Recorded information:
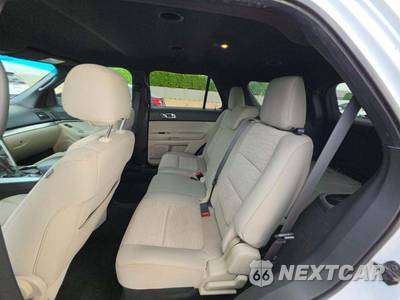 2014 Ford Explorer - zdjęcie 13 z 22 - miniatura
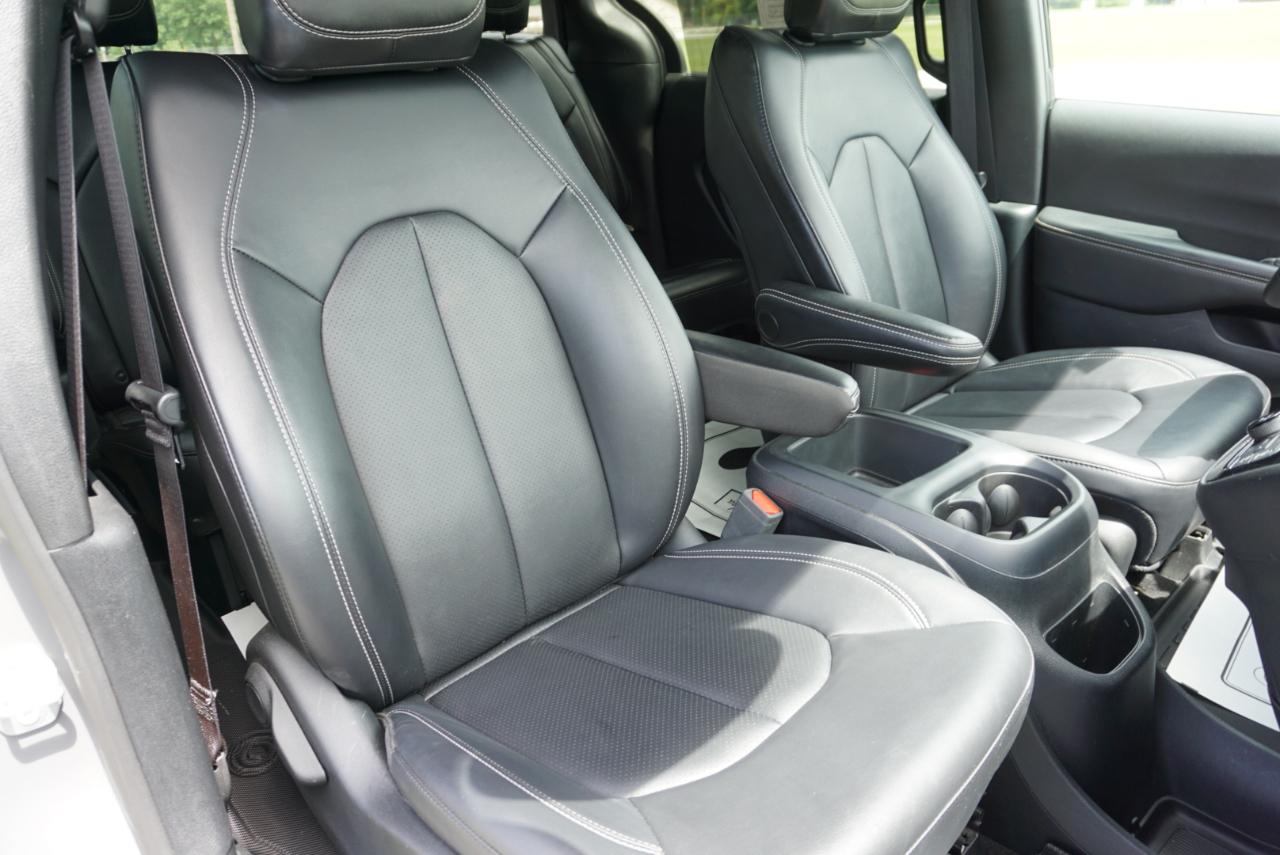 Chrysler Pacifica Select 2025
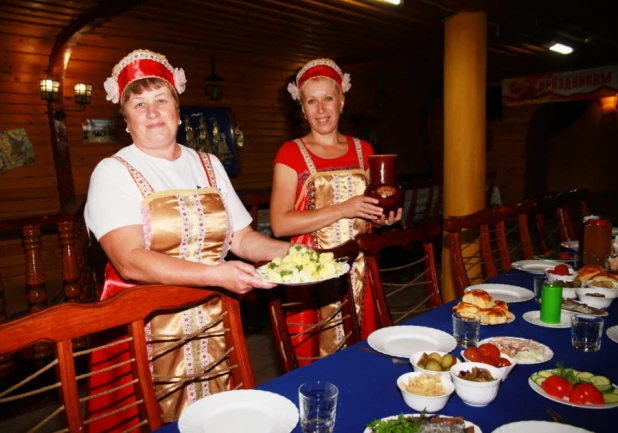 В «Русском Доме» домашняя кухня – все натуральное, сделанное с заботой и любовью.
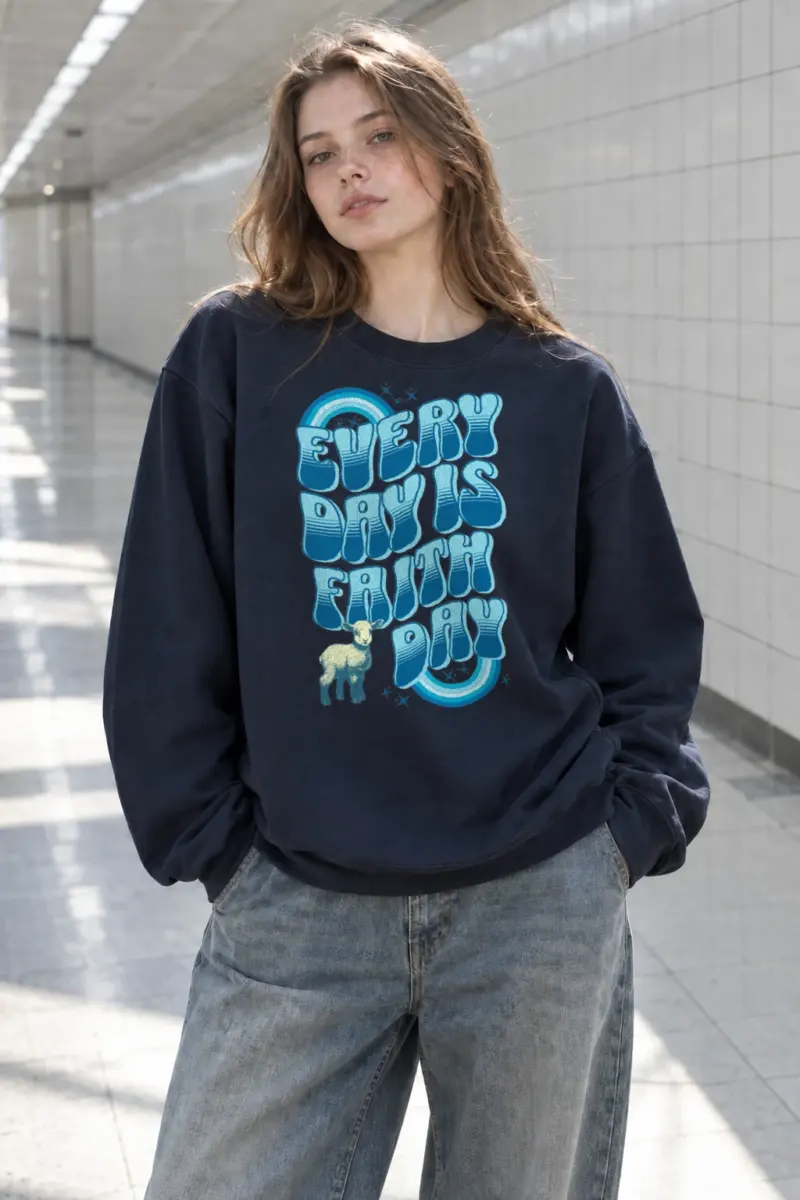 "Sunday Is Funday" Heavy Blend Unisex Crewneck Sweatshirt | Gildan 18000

Work to be completed: Repeat the listing above exactly, omitting the pictures it contains.

The completed task:
 2014 Ford Explorer - zdjęcie 13 z 22 - miniatura
 Chrysler Pacifica Select 2025
 В «Русском Доме» домашняя кухня – все натуральное, сделанное с заботой и любовью.
 "Sunday Is Funday" Heavy Blend Unisex Crewneck Sweatshirt | Gildan 18000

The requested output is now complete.